TASK ITEM ->
Each line in the material below must be transcribed exactly; no picture belongs in the copy.

AVAILABLE DATA ->
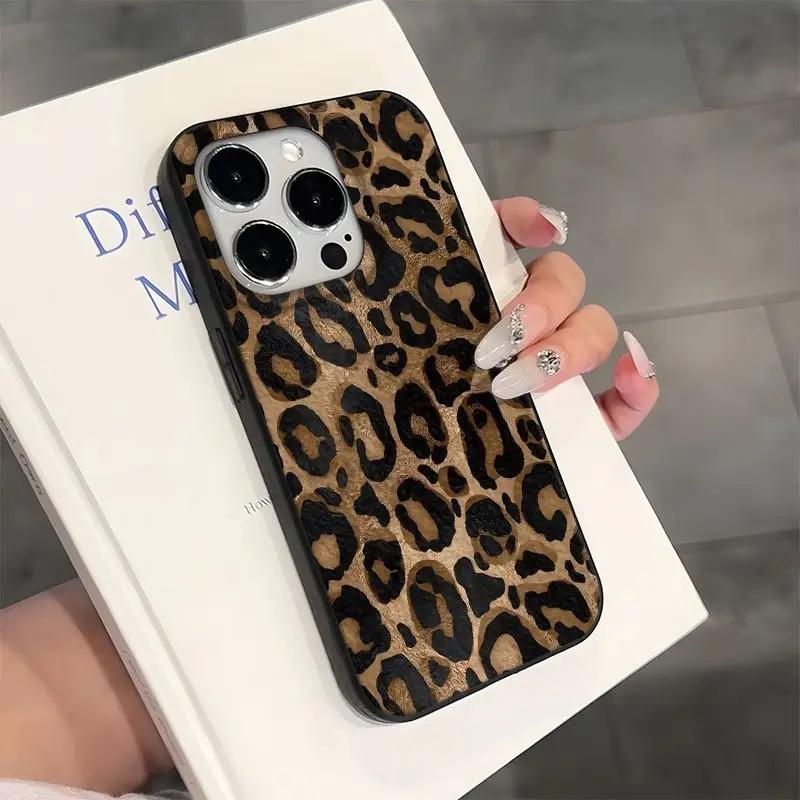 Реалистичный дизайн леопардового принта Мягкий чехол для телефона для iPhone 17 16 15 14 Plus 13 12 11 Pro Max 7 8 SE2 16E 17 Air Ударопрочный чехол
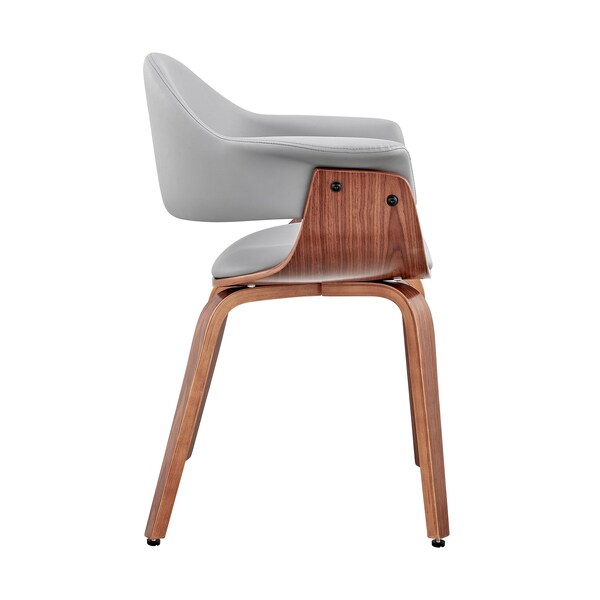 Armen Living Adalyn Gray Faux Leather and Walnut Wood Dining Room Accent Chair - LCADCHWAGR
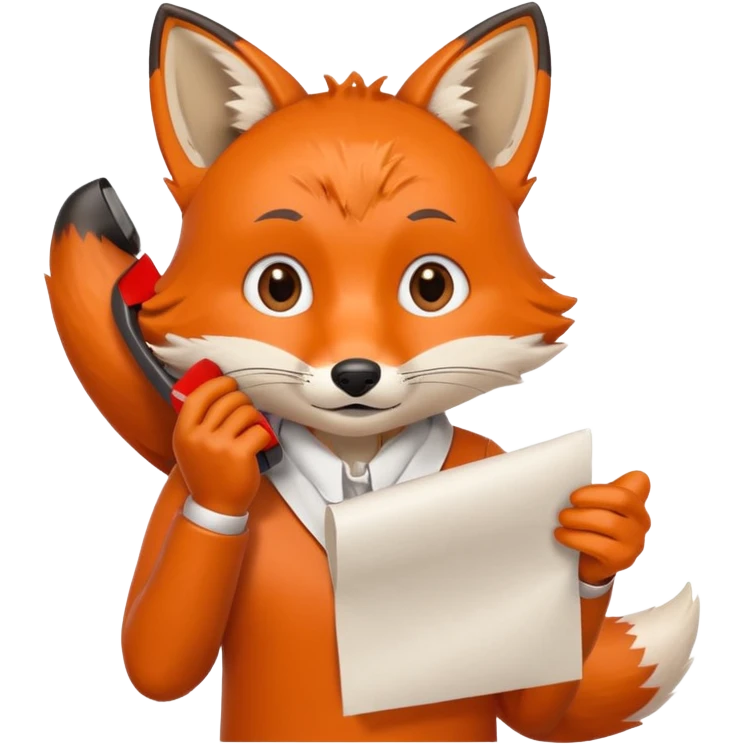 The fox is talking on the phone and holding sheets of paper in his hands emoji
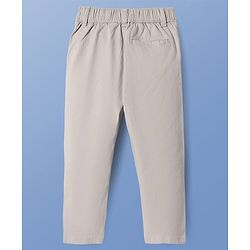 Pine Kids Cotton Elastane Woven Full Length Solid Trouser - Beige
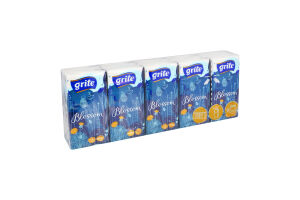 Хустинки носові паперові Блосом 3шари 10*10шт Гріт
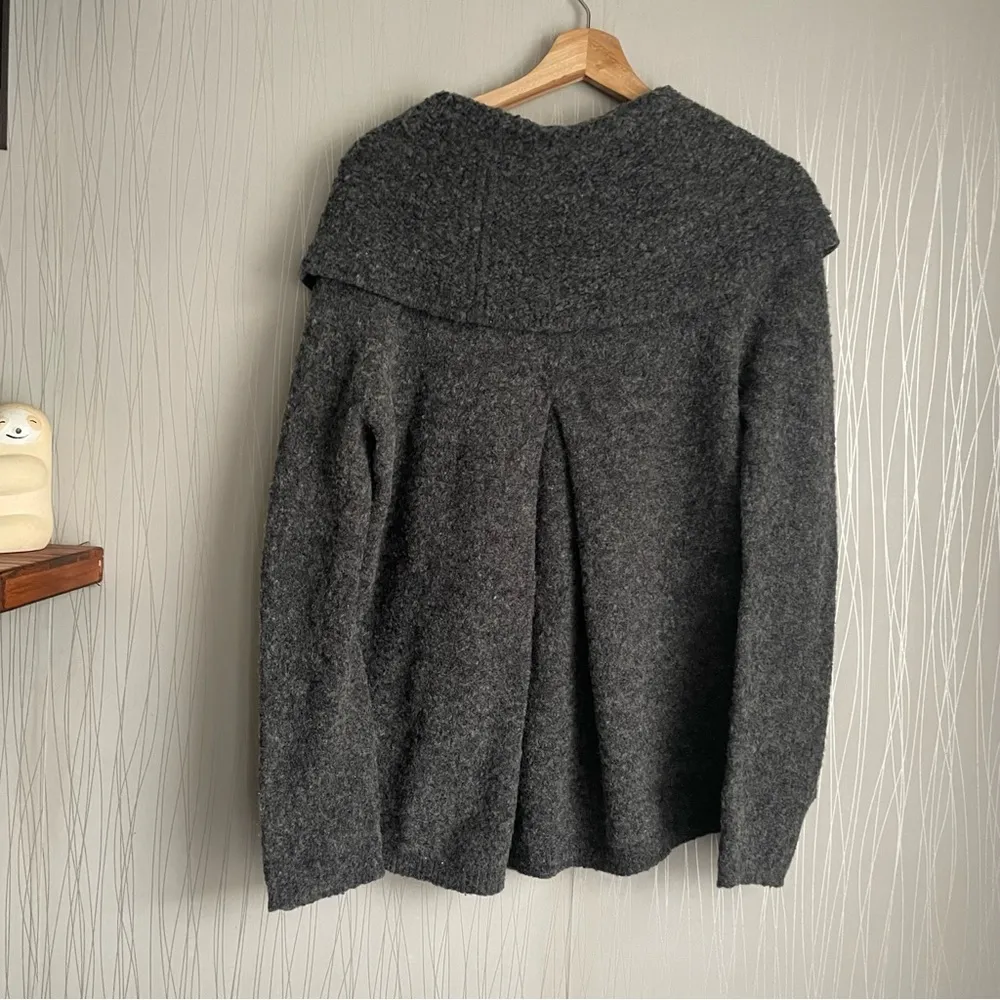 Anthropologie Sweater Angel of the North Womens Small Gray Boucle Cowl Neck - Image 5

TASK RESULT ->
 Реалистичный дизайн леопардового принта Мягкий чехол для телефона для iPhone 17 16 15 14 Plus 13 12 11 Pro Max 7 8 SE2 16E 17 Air Ударопрочный чехол
 Armen Living Adalyn Gray Faux Leather and Walnut Wood Dining Room Accent Chair - LCADCHWAGR
 The fox is talking on the phone and holding sheets of paper in his hands emoji
 Pine Kids Cotton Elastane Woven Full Length Solid Trouser - Beige
 Хустинки носові паперові Блосом 3шари 10*10шт Гріт
 Anthropologie Sweater Angel of the North Womens Small Gray Boucle Cowl Neck - Image 5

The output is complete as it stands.